START Stored data
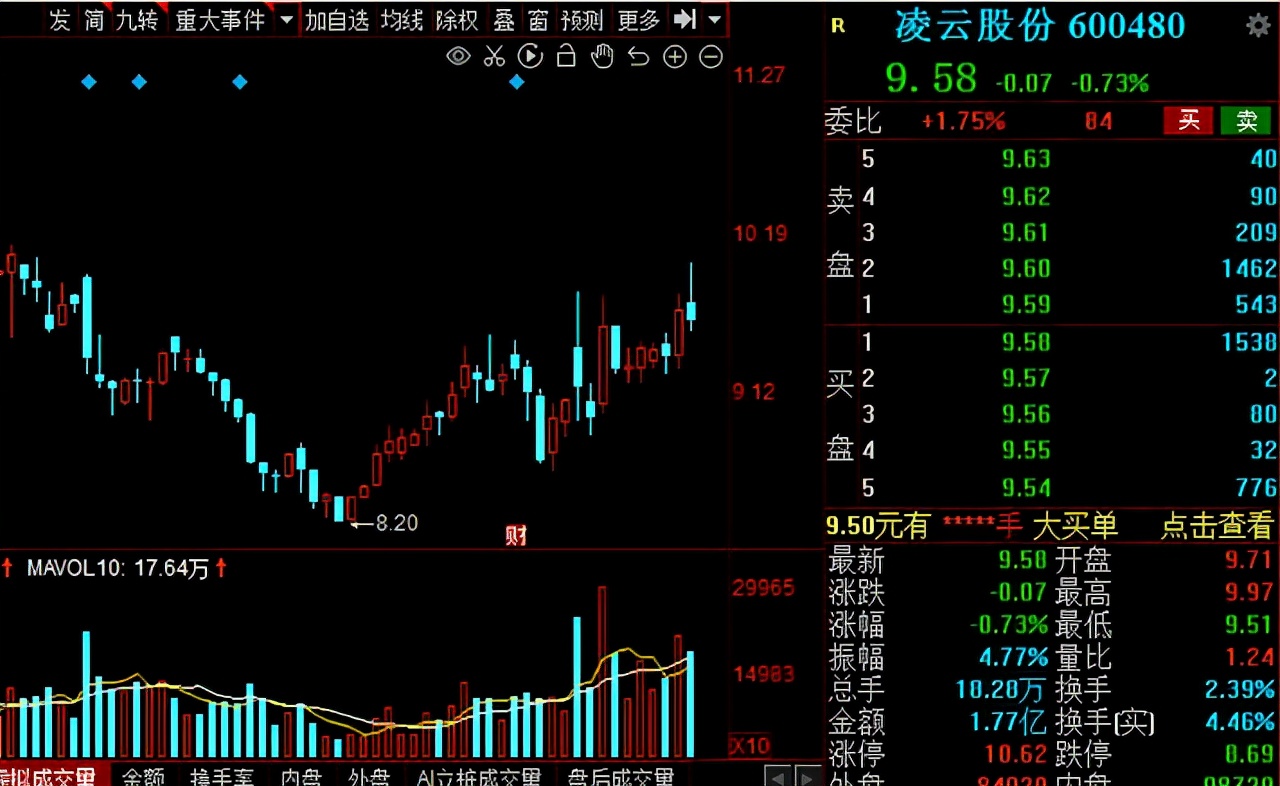 汽车板块零部件最新行情分析,2023年汽车零部件股今年走势预测
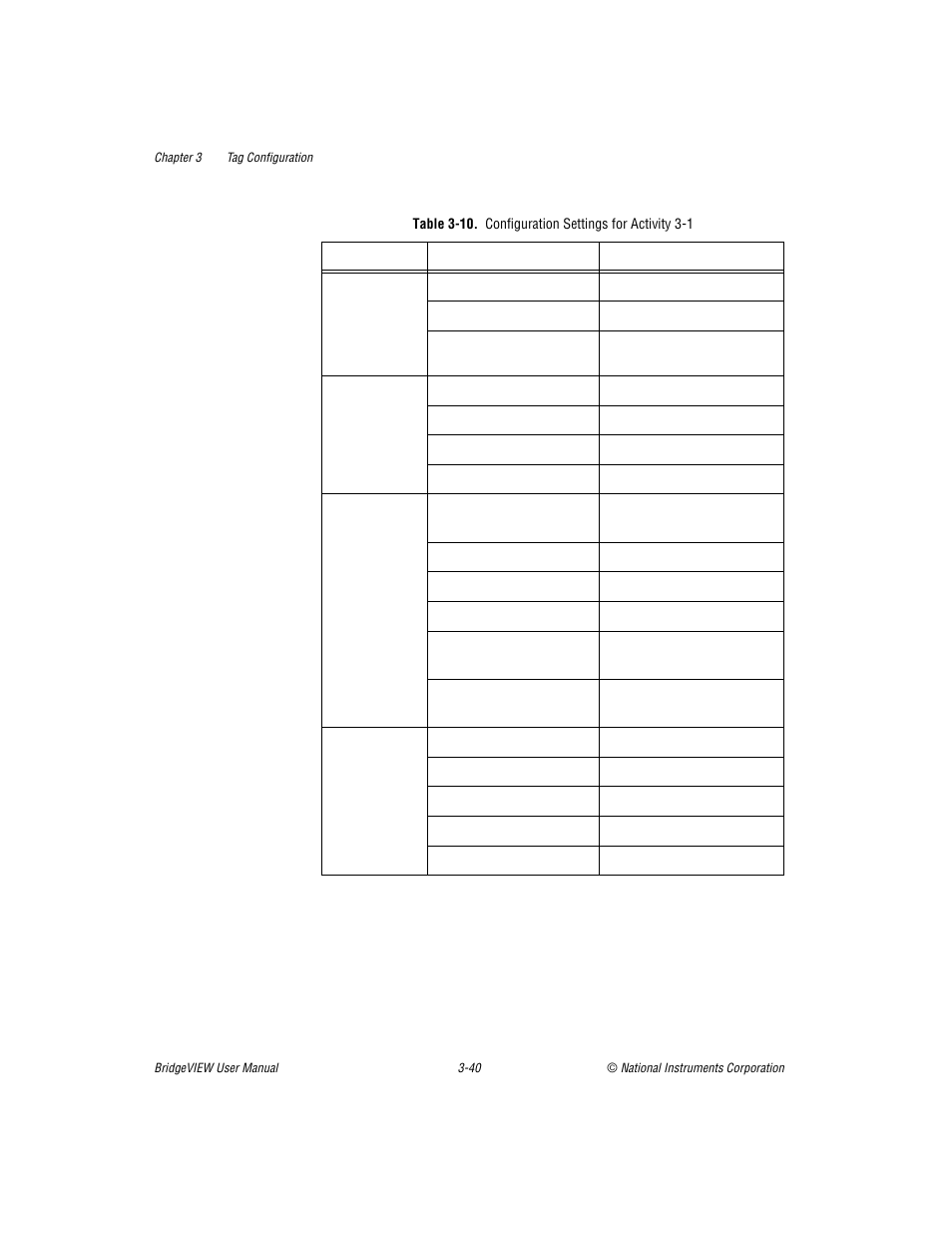 Table 3-10, Configuration settings for activity 3-1 -42 | National Instruments BridgeVIEW User Manual | Page 98 / 455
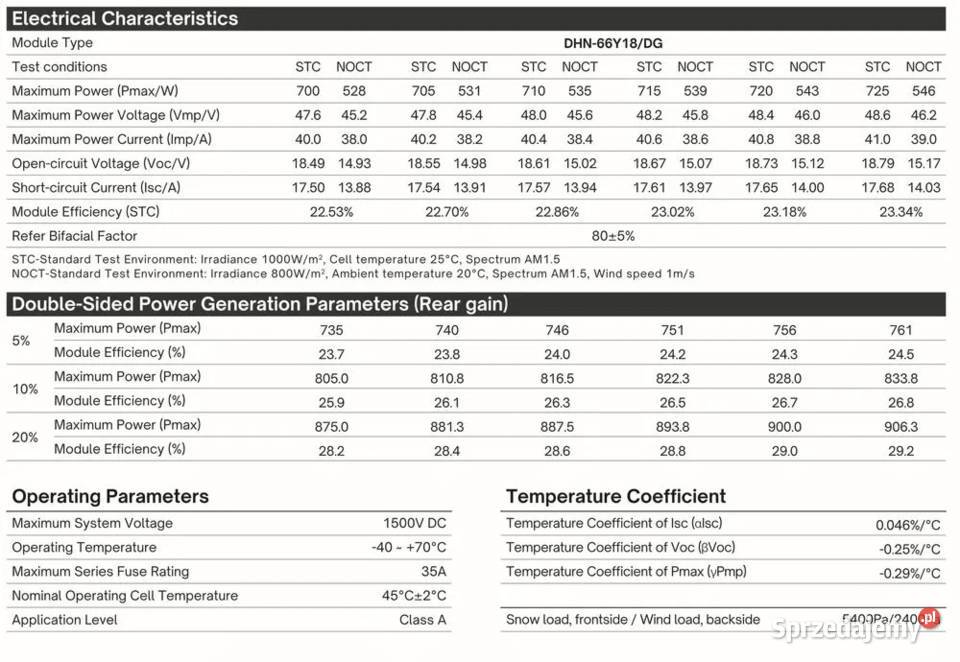 Zestaw budżetowy 160 kWh HVpanele2x inwerter3 Skawina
END Stored data
Directions:
Nothing but the pictures may be dropped as you repeat the listing above exactly.

Worked solution:
 汽车板块零部件最新行情分析,2023年汽车零部件股今年走势预测
 Table 3-10, Configuration settings for activity 3-1 -42 | National Instruments BridgeVIEW User Manual | Page 98 / 455
 Zestaw budżetowy 160 kWh HVpanele2x inwerter3 Skawina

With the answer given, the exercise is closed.